## Exercise data
----------

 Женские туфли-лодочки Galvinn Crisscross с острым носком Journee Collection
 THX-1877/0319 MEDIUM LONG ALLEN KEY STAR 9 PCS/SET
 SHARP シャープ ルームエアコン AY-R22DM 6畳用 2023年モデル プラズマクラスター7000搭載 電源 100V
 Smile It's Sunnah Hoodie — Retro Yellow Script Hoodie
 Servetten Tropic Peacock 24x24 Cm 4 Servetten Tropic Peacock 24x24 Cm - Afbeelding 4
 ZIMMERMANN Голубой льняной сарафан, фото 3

----------

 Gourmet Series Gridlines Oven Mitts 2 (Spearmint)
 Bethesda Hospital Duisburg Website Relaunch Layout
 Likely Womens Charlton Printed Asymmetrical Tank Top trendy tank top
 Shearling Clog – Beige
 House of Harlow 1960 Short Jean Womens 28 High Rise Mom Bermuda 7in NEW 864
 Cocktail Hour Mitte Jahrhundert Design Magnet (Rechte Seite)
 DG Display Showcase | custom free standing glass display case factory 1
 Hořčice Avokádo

----------

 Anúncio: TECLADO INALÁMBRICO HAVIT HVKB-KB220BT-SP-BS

----------

## Exercise prompt
Would you please copy exactly the part of the entries above that begins at the line containing "Bethesda Hospital Duisburg" and ends at the line containing "Hořčice Avokádo", both lines included?

## Output for this exercise
 Bethesda Hospital Duisburg Website Relaunch Layout
 Likely Womens Charlton Printed Asymmetrical Tank Top trendy tank top
 Shearling Clog – Beige
 House of Harlow 1960 Short Jean Womens 28 High Rise Mom Bermuda 7in NEW 864
 Cocktail Hour Mitte Jahrhundert Design Magnet (Rechte Seite)
 DG Display Showcase | custom free standing glass display case factory 1
 Hořčice Avokádo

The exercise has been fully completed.